Claude Robinson

OTTAWA – C’est la Cour suprême du Canada qui aura le dernier mot dans la bataille juridique de Claude Robinson.

L’auteur accuse Cinar, France Animation et RavensBurger Film de plagiat. En juillet, la Cour d’appel du Québec lui avait donné raison et ordonné aux trois parties en cause de lui payer 3,5 millions $, incluant les intérêts.

Dans trois requêtes séparées, les parties qui ont perdu en Cour d’appel réclamaient d’être entendues par le plus haut tribunal du pays.

M. Robinson avait lui aussi demandé un appel, estimant que la somme qu’il avait obtenue n’était pas suffisante. L’auteur voulait également que les 3,5 millions $ alloués par le tribunal soient retenus en garantie. Cette requête de cautionnement a été rejetée par la Cour suprême.

Mais la cour a accepté d’entendre les quatre appels et c’est elle donc qui mettra fin à 17 ans de bataille juridique.

«C’est lui qui a la pression sur ses épaules. Il se bat avec des firmes qui ont les moyens d’avoir accès à des gros bureaux d’avocats, qui ont des assurances. Et ça fait 20 ans que ça dure», a commenté Yves Légaré, directeur général de la Société des auteurs de radio, télévision et cinéma (SARTEC).

À travers les années, la SARTEC a mené des campagnes d’appuis à M. Robinson, incluant des levées de fonds pour couvrir ses frais extra-judiciaires. M. Légaré dit que ceux qui appuient l’auteur depuis le début sont contents que la cour veuille revoir la somme qui lui a été accordée par la Cour d’appel, un recul par rapport au premier jugement qui avait voulu lui donner 5,2 millions $. Mais il s’inquiète du retour devant un tribunal du débat de fond.

«Le processus va encore être ardu, les débats vont être longs», s’est-il plaint.

«Il y a encore une couple d’années avant que ce dossier-là se règle (…) C’est assez anormal que devant un dossier on prenne autant de temps avant d’avoir une décision finale», a-t-il dit, en entrevue téléphonique.

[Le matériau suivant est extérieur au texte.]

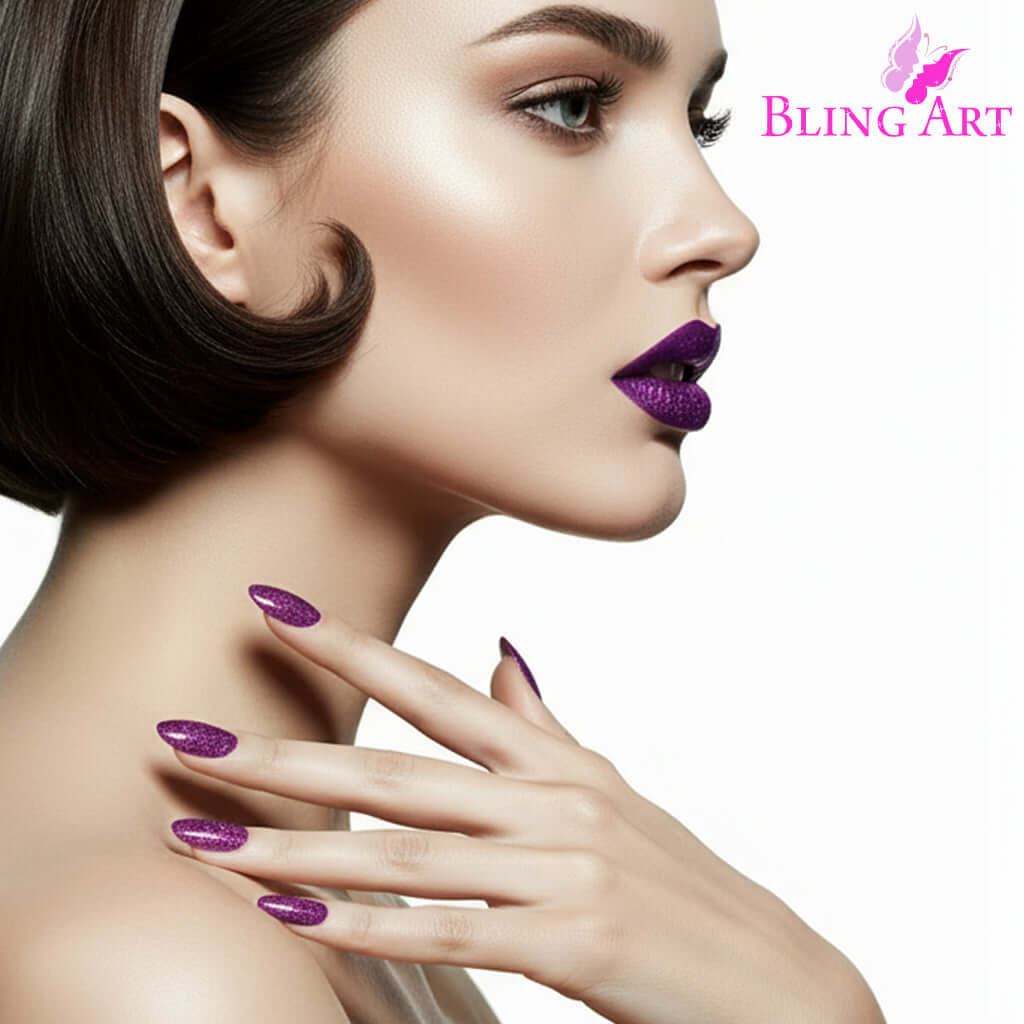 False Nails Bling Art Purple Gel Almond Stiletto Long Fake Acrylic Tips and Glue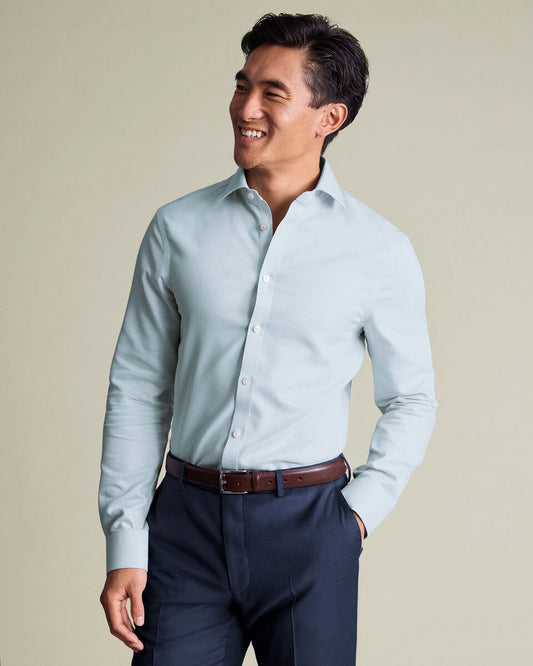 Cutaway Collar Non-Iron Stretch Burlington Weave Slim Fit Shirt - Aqua Green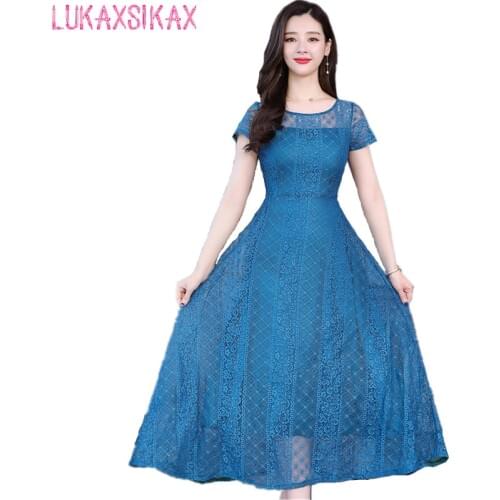 LUKAXSIKAX 2020 New Women Summer Dress High Quality Korean Slim Lace Dress Plus Size S-5XL Loose Casual Long Dress
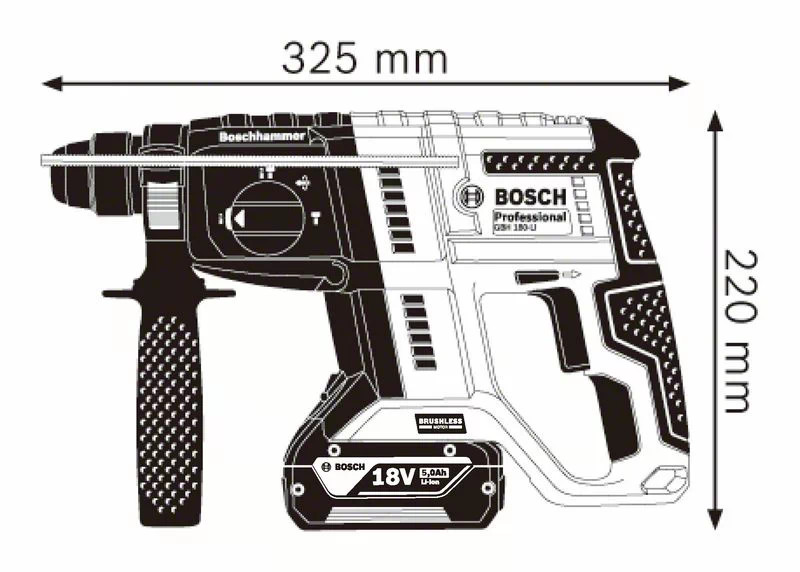 ROTOMARTILLO INALAMBRICO BOSCH GBH 180 - LI 18V SIN BATERIA NI CARGADOR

L’avocat de l’auteur français Christophe Izard, un des adversaires de M. Robinson, estime que ce dernier épisode devrait durer au moins 18 mois. Me Pierre Lefebvre dit, par ailleurs, que son client est très heureux de pouvoir se défendre devant la Cour suprême.

«Mon client et moi-même avons toujours pensé qu’il n’y a jamais eu de plagiat. Alors ce sera l’occasion d’en débattre devant la Cour suprême qui, manifestement, a considéré que c’était une question d’intérêt national de déterminer ce qui constituait ou non du plagiat», a dit l’avocat rejoint au téléphone.

La Cour d’appel du Québec a reconnu que les «Aventures de Robinson Curiosité» est une oeuvre protégée et que ses droits ont été violés. Les juges de la Cour d’appel ont également déclaré Claude Robinson propriétaire de sa version contrefaite, «Robinson Sucroë», et de tout le matériel qui a servi à sa production.

Au bureau des avocats de CINAR, on a laissé savoir qu’on n’émettrait aucun commentaire sur ce dernier développement. Même silence du côté de M. Robinson. Alors qu’il attendait que la Cour suprême décide de l’entendre ou non, l’auteur avait fait savoir qu’il prendrait le temps «d’analyser l’ensemble» avant d’offrir une réaction.